Trump e lo spirito hegeliano della storia
25 Ottobre 2018
di Vito de Luca
Nelle scorse settimane parte dell’assemblea dell’Onu ha riso in faccia a Donald Trump, che si era definito il migliore dei presidenti americani. Una mancanza di rispetto, verso un presidente Usa, mai accaduta in precedenza, da parte dell’Onu (a proposito, sembra che Nikki Haley, l’ex ambasciatrice Usa presso l’Onu, come annunciato dall’emittente televisiva Fox, stia scaldando i motori per candidarsi come vice presidente per le elezioni presidenziali del 2020, in ticket con Trump). Ma se avesse ragione Trump? Difficile, nella Scienza politica, quantificare e qualificare – quindi misurare – la qualità delle policies dei diversi governi, anche per via dei diversi periodi temporali in cui agiscono, in quanto occorrerebbe un’ermeneutica della politica, che allo stato è una categoria dallo scarso valore scientifico. Di sicuro, però, l’ha riconosciuta anche il Financial Times nei giorni scorsi – un giornale per definizione e per antonomasia anti-trumpiano – osservando che Trump ha incarnato meglio e prima di altri lo spirito della storia.
E se non è plausibile che Trump abbia letto Hegel, è però vero che l’attuale presidente Usa è proprio il tipo di statista istintivo descritto dal grande filosofo tedesco, che incarna e accelera forze che egli stesso non comprende del tutto.

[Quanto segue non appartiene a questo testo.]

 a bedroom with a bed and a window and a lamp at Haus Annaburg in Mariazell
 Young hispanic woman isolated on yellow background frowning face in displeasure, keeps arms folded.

Gli storici del futuro inoltre non potranno non notare che il 45° inquilino della Casa Bianca, a differenza dei suoi predecessori, ha ammesso il declino americano e ha provato a contrastarlo, usando anche con energia, e una certa ruvidezza, il potere degli Stati Uniti per riscrivere un nuovo ordine mondiale a vantaggio innanzi tutto del Paese (ma che avrà, o dovrebbe avere, una ricaduta positiva per tutto il resto del pianeta), prima che fosse troppo tardi. Trump, va detto, aveva anche anticipato quelle migrazioni di massa, che ora nel continente americano hanno preso forma con la carovana umana che sta per bussare alle porte degli Stati Uniti, la quale si è messa inesorabilmente in cammino, dagli Stati più degradati del Sud America. Insomma, si può essere filo o anti trumpiani, ma nessuno può negare che il tycoon giunto alla massima carica repubblicana degli States, abbia intuito e sfruttato lo iato che intercorre tra le cosiddette élites e le masse americane, rivelandosi più perspicace dei cosiddetti esperti e intellettuali.
Come andrà a finire non si sa, anche perché, tanto per tornare ad Hegel, la nottola di Minerva inizia il suo volo sul far del crepuscolo. Ma l’andamento dell’economia, l’orientamento più conservatore assunto dalla Corte Suprema e la mancanza di un’autentica leadership democratica in grado di poter competere coi repubblicani, metterà la politica americana di fronte a quello che Tomasello chiamava ratchet effect, l’ “effetto a dente d’arresto”, ovvero dinnanzi a quella dimensione in cui una volta compiuto un certo apprendimento e raggiunto un certo artefatto, questo è soggetto solo a modifiche successive, dalle quali non si può più tornare indietro.